(old news : 26 March) After a delay of more than 20 years, Myanmar’s stock exchange opened for its first day of business, with the trading of a single company.
- The move comes as the country’s development accelerates with a democratic government being formed after an election victory in November, part of a political and economic transformation that’s bringing an end to more than five decades of isolation.
- The listing debut was attended by First Myanmar’s Pun and officials including Maung Maung Thein, the country’s deputy finance minister and chairman of the Securities and Exchange Commission, who called it “a historic day in the development of the capital markets.”
- First Myanmar, Myanmar Citizens Bank and Myanmar Thilawa SEZ are among the initial batch of six companies approved for listing.

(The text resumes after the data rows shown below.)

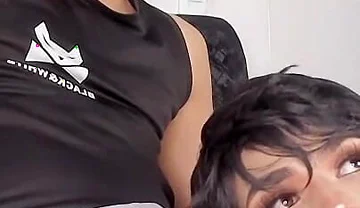 Ken Owns Tomas' Lump on Stripchat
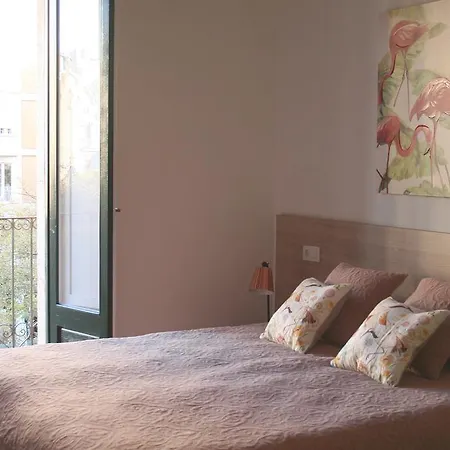 Appartement Suites Rambla Nova 14 *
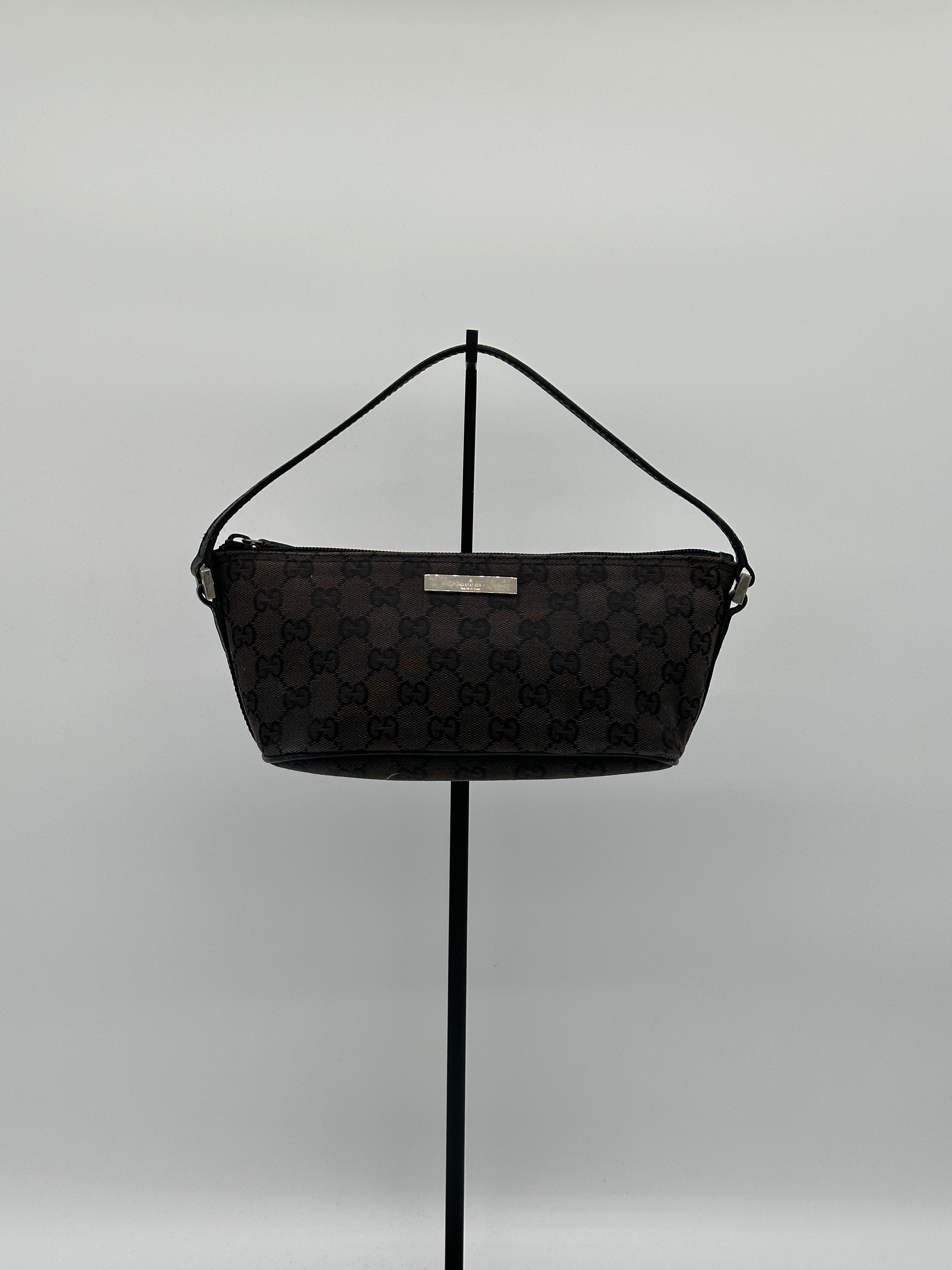 Gucci Boat Bag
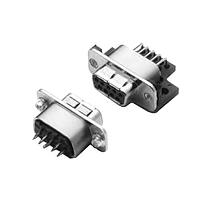 Spectrum Control 56F715-003-LI D-Sub Adapters & Gender Changers 15 P/S ADAPT 1000PF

- Myanmar’s equity-market journey began in the early 1990s, when executives from Daiwa Institute of Research Holdings, a unit of Japan’s second-largest brokerage, met with the nation’s military rulers in Yangon.
- Their initial target was to start a bourse by 2000.
- As Myanmar emerges from economic isolation, it will need $80 billion of power, transport, and technology projects through 2030 to modernise its economy, according to the Asian Development Bank.
- Foreign investors will be able to trade on the exchange once Myanmar’s new government passes revisions to the country’s companies law.